— PROMPT —
From the first line to the last, copy the listing below word for word.

— RECORDS PROVIDED —
[Start of section]

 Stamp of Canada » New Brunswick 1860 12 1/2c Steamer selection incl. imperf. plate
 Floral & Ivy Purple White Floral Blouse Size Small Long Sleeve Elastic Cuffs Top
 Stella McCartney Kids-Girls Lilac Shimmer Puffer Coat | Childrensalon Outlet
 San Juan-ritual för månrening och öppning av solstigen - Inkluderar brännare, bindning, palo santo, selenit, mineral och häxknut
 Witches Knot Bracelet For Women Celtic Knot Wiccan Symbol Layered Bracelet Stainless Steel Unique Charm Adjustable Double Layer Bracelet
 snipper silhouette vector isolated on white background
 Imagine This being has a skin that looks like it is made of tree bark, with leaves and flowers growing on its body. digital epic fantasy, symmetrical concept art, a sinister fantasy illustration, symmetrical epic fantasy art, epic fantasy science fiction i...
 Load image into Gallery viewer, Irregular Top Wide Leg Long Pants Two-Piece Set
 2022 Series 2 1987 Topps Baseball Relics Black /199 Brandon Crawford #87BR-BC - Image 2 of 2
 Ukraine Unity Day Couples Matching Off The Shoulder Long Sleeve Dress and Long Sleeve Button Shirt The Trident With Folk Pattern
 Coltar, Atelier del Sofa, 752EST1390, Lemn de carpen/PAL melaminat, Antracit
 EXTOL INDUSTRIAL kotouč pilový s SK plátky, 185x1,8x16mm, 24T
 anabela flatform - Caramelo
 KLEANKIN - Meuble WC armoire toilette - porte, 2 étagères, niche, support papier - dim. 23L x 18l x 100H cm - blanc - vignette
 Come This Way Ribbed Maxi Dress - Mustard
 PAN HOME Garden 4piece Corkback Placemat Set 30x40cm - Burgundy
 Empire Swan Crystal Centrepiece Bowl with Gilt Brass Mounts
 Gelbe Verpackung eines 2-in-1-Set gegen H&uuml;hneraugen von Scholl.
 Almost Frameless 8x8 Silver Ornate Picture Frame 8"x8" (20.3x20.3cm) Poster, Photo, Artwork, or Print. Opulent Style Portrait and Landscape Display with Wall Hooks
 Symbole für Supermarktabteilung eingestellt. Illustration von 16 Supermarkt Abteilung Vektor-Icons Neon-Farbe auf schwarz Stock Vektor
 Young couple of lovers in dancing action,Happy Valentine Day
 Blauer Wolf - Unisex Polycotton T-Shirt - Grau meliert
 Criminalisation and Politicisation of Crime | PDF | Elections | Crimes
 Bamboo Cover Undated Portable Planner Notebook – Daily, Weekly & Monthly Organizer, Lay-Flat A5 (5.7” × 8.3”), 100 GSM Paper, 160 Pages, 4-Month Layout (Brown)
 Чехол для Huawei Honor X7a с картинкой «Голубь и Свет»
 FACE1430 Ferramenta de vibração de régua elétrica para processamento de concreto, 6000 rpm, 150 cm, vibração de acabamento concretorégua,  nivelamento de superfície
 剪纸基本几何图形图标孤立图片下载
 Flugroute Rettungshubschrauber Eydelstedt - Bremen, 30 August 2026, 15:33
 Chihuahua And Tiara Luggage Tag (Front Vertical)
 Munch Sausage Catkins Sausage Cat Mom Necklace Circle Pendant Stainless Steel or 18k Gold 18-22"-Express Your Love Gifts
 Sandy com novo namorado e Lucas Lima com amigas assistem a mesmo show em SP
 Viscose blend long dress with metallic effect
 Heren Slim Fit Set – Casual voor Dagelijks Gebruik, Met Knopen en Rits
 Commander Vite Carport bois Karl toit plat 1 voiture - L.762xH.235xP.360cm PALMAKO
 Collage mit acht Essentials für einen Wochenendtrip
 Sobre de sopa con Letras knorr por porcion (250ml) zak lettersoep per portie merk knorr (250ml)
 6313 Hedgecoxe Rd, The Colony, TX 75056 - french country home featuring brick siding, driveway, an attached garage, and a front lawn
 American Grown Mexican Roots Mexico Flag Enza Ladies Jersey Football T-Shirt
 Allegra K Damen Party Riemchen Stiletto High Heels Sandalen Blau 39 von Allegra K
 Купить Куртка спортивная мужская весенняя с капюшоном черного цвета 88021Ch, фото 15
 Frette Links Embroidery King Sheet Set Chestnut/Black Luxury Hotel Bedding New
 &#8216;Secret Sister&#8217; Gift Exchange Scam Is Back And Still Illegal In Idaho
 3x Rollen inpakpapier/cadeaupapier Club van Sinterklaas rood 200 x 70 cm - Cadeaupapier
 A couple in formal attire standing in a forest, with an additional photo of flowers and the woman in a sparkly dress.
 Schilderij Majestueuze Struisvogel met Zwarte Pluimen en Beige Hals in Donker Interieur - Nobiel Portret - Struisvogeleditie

[End of section]

— ANSWER FOR THIS EXERCISE —
 Stamp of Canada » New Brunswick 1860 12 1/2c Steamer selection incl. imperf. plate
 Floral & Ivy Purple White Floral Blouse Size Small Long Sleeve Elastic Cuffs Top
 Stella McCartney Kids-Girls Lilac Shimmer Puffer Coat | Childrensalon Outlet
 San Juan-ritual för månrening och öppning av solstigen - Inkluderar brännare, bindning, palo santo, selenit, mineral och häxknut
 Witches Knot Bracelet For Women Celtic Knot Wiccan Symbol Layered Bracelet Stainless Steel Unique Charm Adjustable Double Layer Bracelet
 snipper silhouette vector isolated on white background
 Imagine This being has a skin that looks like it is made of tree bark, with leaves and flowers growing on its body. digital epic fantasy, symmetrical concept art, a sinister fantasy illustration, symmetrical epic fantasy art, epic fantasy science fiction i...
 Load image into Gallery viewer, Irregular Top Wide Leg Long Pants Two-Piece Set
 2022 Series 2 1987 Topps Baseball Relics Black /199 Brandon Crawford #87BR-BC - Image 2 of 2
 Ukraine Unity Day Couples Matching Off The Shoulder Long Sleeve Dress and Long Sleeve Button Shirt The Trident With Folk Pattern
 Coltar, Atelier del Sofa, 752EST1390, Lemn de carpen/PAL melaminat, Antracit
 EXTOL INDUSTRIAL kotouč pilový s SK plátky, 185x1,8x16mm, 24T
 anabela flatform - Caramelo
 KLEANKIN - Meuble WC armoire toilette - porte, 2 étagères, niche, support papier - dim. 23L x 18l x 100H cm - blanc - vignette
 Come This Way Ribbed Maxi Dress - Mustard
 PAN HOME Garden 4piece Corkback Placemat Set 30x40cm - Burgundy
 Empire Swan Crystal Centrepiece Bowl with Gilt Brass Mounts
 Gelbe Verpackung eines 2-in-1-Set gegen H&uuml;hneraugen von Scholl.
 Almost Frameless 8x8 Silver Ornate Picture Frame 8"x8" (20.3x20.3cm) Poster, Photo, Artwork, or Print. Opulent Style Portrait and Landscape Display with Wall Hooks
 Symbole für Supermarktabteilung eingestellt. Illustration von 16 Supermarkt Abteilung Vektor-Icons Neon-Farbe auf schwarz Stock Vektor
 Young couple of lovers in dancing action,Happy Valentine Day
 Blauer Wolf - Unisex Polycotton T-Shirt - Grau meliert
 Criminalisation and Politicisation of Crime | PDF | Elections | Crimes
 Bamboo Cover Undated Portable Planner Notebook – Daily, Weekly & Monthly Organizer, Lay-Flat A5 (5.7” × 8.3”), 100 GSM Paper, 160 Pages, 4-Month Layout (Brown)
 Чехол для Huawei Honor X7a с картинкой «Голубь и Свет»
 FACE1430 Ferramenta de vibração de régua elétrica para processamento de concreto, 6000 rpm, 150 cm, vibração de acabamento concretorégua,  nivelamento de superfície
 剪纸基本几何图形图标孤立图片下载
 Flugroute Rettungshubschrauber Eydelstedt - Bremen, 30 August 2026, 15:33
 Chihuahua And Tiara Luggage Tag (Front Vertical)
 Munch Sausage Catkins Sausage Cat Mom Necklace Circle Pendant Stainless Steel or 18k Gold 18-22"-Express Your Love Gifts
 Sandy com novo namorado e Lucas Lima com amigas assistem a mesmo show em SP
 Viscose blend long dress with metallic effect
 Heren Slim Fit Set – Casual voor Dagelijks Gebruik, Met Knopen en Rits
 Commander Vite Carport bois Karl toit plat 1 voiture - L.762xH.235xP.360cm PALMAKO
 Collage mit acht Essentials für einen Wochenendtrip
 Sobre de sopa con Letras knorr por porcion (250ml) zak lettersoep per portie merk knorr (250ml)
 6313 Hedgecoxe Rd, The Colony, TX 75056 - french country home featuring brick siding, driveway, an attached garage, and a front lawn
 American Grown Mexican Roots Mexico Flag Enza Ladies Jersey Football T-Shirt
 Allegra K Damen Party Riemchen Stiletto High Heels Sandalen Blau 39 von Allegra K
 Купить Куртка спортивная мужская весенняя с капюшоном черного цвета 88021Ch, фото 15
 Frette Links Embroidery King Sheet Set Chestnut/Black Luxury Hotel Bedding New
 &#8216;Secret Sister&#8217; Gift Exchange Scam Is Back And Still Illegal In Idaho
 3x Rollen inpakpapier/cadeaupapier Club van Sinterklaas rood 200 x 70 cm - Cadeaupapier
 A couple in formal attire standing in a forest, with an additional photo of flowers and the woman in a sparkly dress.
 Schilderij Majestueuze Struisvogel met Zwarte Pluimen en Beige Hals in Donker Interieur - Nobiel Portret - Struisvogeleditie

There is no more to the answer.